---- EXTRACTED MATERIAL

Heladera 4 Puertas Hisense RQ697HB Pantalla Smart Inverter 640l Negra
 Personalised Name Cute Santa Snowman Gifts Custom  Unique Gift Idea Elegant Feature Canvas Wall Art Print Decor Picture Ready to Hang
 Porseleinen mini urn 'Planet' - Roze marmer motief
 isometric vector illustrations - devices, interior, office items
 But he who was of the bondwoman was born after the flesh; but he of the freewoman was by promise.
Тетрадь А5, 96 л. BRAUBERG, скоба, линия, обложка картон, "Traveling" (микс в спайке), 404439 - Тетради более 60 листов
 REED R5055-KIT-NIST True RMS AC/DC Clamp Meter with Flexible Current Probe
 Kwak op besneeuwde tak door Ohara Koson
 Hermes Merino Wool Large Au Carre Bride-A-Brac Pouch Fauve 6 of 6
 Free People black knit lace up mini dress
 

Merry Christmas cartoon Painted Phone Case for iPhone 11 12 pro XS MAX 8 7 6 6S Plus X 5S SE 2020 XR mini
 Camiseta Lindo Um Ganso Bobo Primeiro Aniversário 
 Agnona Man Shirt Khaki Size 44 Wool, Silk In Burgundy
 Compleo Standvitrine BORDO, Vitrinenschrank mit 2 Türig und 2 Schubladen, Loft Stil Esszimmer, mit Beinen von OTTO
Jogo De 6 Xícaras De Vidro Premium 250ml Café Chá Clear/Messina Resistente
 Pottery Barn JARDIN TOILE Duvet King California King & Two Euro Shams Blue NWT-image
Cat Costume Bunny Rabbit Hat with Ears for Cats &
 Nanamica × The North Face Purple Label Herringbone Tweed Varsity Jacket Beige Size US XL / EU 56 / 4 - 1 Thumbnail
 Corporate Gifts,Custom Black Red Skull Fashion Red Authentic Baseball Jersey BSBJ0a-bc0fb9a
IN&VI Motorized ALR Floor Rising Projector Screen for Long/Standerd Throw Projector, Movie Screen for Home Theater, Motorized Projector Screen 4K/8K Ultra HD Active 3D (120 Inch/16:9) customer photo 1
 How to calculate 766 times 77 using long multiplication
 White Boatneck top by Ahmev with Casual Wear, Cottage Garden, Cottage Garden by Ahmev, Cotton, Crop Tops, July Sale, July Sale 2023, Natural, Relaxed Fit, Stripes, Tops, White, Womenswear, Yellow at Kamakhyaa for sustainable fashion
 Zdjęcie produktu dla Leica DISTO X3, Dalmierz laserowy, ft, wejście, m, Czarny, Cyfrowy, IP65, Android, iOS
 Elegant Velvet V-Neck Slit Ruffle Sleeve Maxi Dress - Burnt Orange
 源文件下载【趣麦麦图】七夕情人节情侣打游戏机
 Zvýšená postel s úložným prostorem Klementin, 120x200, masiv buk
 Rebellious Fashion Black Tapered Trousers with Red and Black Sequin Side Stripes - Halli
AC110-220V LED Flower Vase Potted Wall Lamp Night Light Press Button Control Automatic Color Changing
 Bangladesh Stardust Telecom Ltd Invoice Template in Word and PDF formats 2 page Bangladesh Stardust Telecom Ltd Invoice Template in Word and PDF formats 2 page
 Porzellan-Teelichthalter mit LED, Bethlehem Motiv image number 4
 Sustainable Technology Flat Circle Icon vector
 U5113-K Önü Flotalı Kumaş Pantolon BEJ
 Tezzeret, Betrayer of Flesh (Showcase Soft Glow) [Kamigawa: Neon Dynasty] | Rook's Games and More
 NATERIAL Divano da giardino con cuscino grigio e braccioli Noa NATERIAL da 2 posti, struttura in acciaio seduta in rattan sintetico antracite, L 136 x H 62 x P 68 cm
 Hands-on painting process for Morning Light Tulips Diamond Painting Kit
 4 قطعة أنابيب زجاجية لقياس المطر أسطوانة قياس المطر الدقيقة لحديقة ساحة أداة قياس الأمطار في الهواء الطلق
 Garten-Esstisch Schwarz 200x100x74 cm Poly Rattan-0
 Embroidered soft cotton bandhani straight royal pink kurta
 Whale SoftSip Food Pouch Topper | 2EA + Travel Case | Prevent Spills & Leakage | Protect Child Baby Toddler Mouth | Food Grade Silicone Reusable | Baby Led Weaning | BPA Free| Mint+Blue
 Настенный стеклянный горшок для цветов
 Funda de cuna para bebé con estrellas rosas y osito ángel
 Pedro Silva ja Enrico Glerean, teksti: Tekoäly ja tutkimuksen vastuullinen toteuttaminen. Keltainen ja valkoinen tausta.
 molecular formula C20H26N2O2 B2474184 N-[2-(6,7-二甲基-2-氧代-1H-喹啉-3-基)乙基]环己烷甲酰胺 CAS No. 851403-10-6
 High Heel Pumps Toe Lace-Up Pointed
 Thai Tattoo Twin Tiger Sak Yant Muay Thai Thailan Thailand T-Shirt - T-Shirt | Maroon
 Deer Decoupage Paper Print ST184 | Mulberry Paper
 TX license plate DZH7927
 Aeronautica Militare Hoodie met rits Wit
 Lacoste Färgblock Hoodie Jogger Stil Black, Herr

--------

**WHAT TO PRODUCE:** Say how many lines in the data hold the string "Stripes", and write nothing else.

**RESPONSE BOX:** 2